> [WORK TASK]:
Emit the data below verbatim, stripping out any pictures.

> [DATA FOR PROCESSING]:
• • •
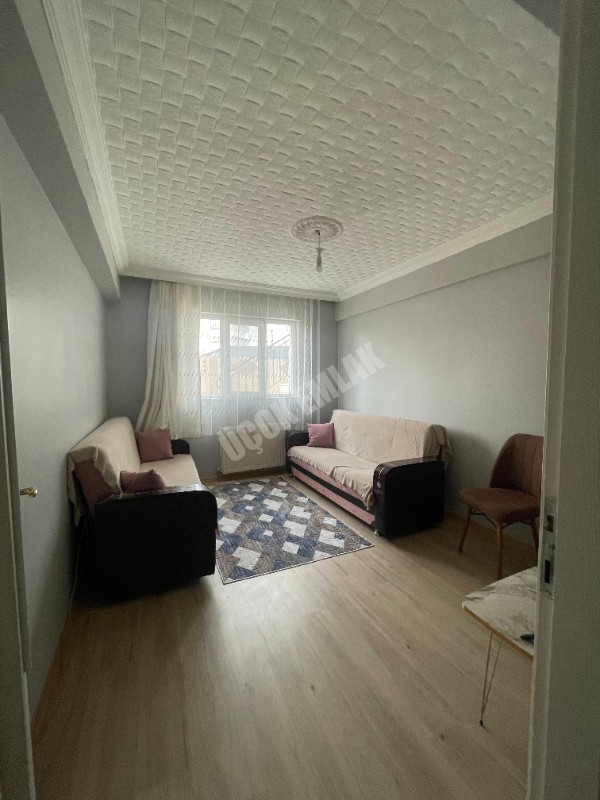 AFYON ÜÇOK EMLAKTAN SAHİPATA MAH SATILIK 3+1 DAİRE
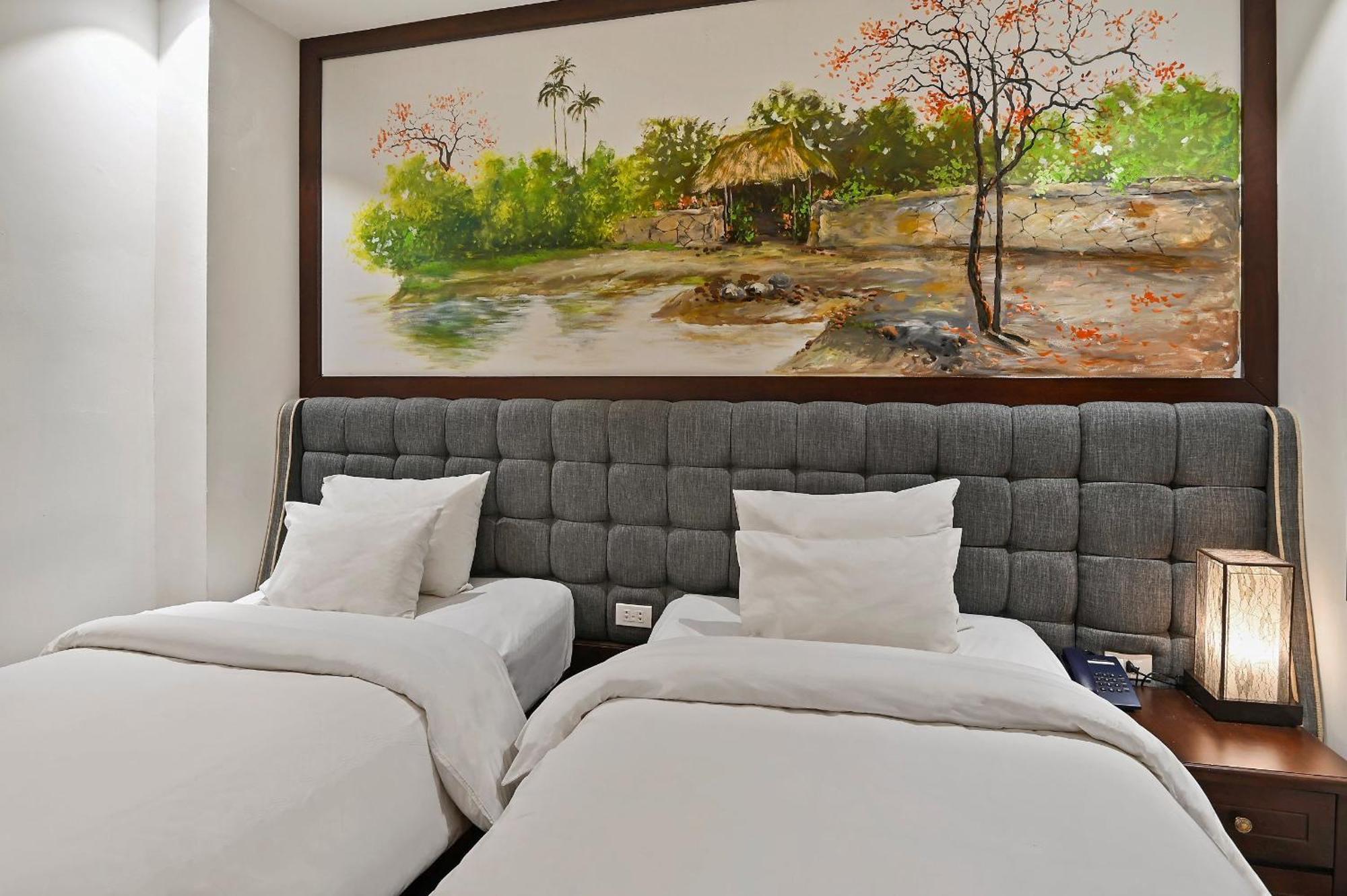 Sunny 22Land Residence Hotel 2 Hanoi Bagian luar foto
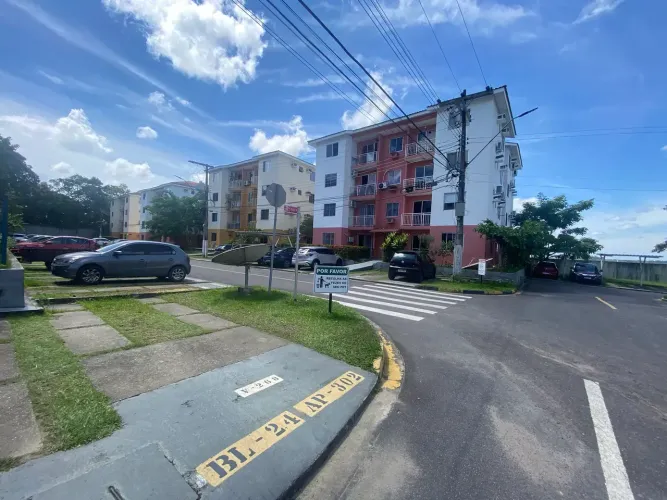Lindo apartamento Mobiliado no condomínio Girassol no bairro Taruma em Manaus/Am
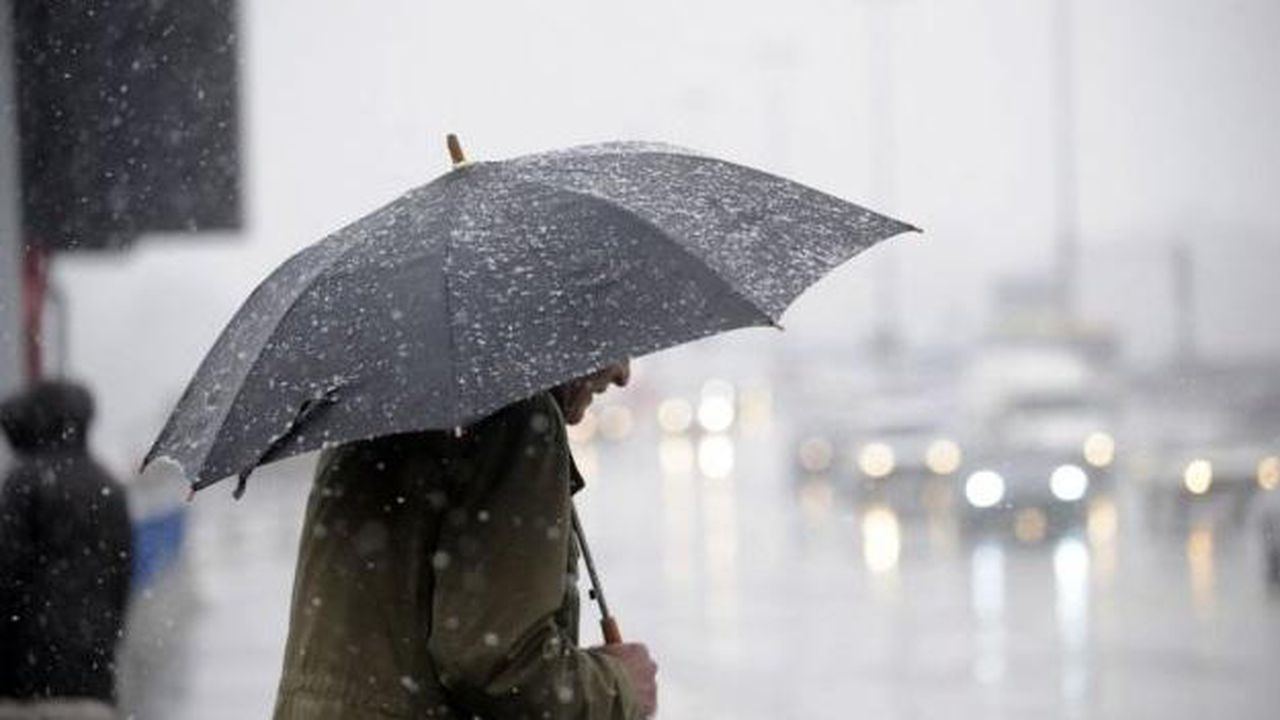 Avertizare ANM! Precipitații și intensificări ale vântului în mai multe zone din țară. La munte se înregistrează ninsori abundente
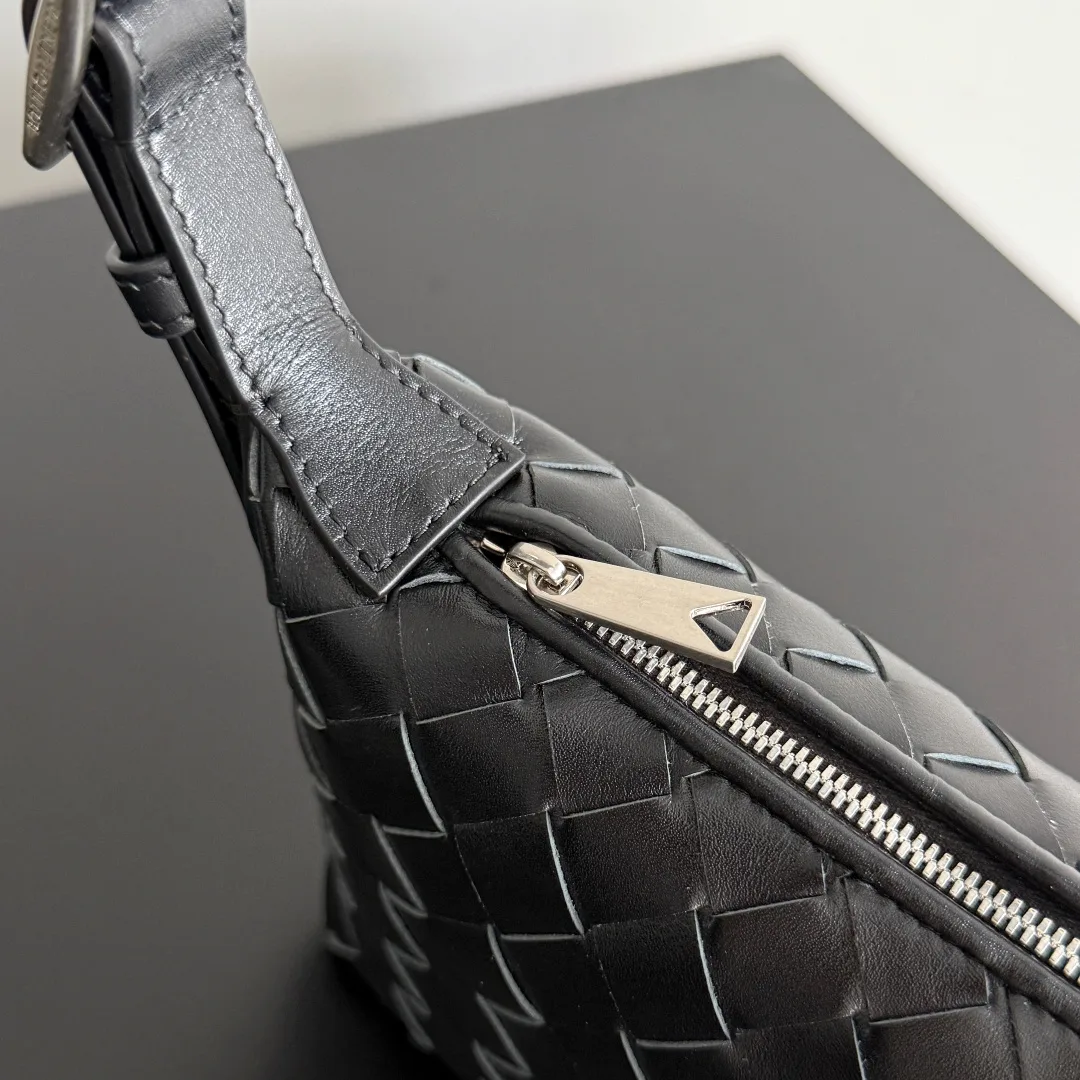 Bottega Veneta Day-To-Night Crossbody Bag product photo from LabelPicks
• • •
> [TASK OUTPUT]:
 AFYON ÜÇOK EMLAKTAN SAHİPATA MAH SATILIK 3+1 DAİRE
 Sunny 22Land Residence Hotel 2 Hanoi Bagian luar foto
Lindo apartamento Mobiliado no condomínio Girassol no bairro Taruma em Manaus/Am
 Avertizare ANM! Precipitații și intensificări ale vântului în mai multe zone din țară. La munte se înregistrează ninsori abundente
 Bottega Veneta Day-To-Night Crossbody Bag product photo from LabelPicks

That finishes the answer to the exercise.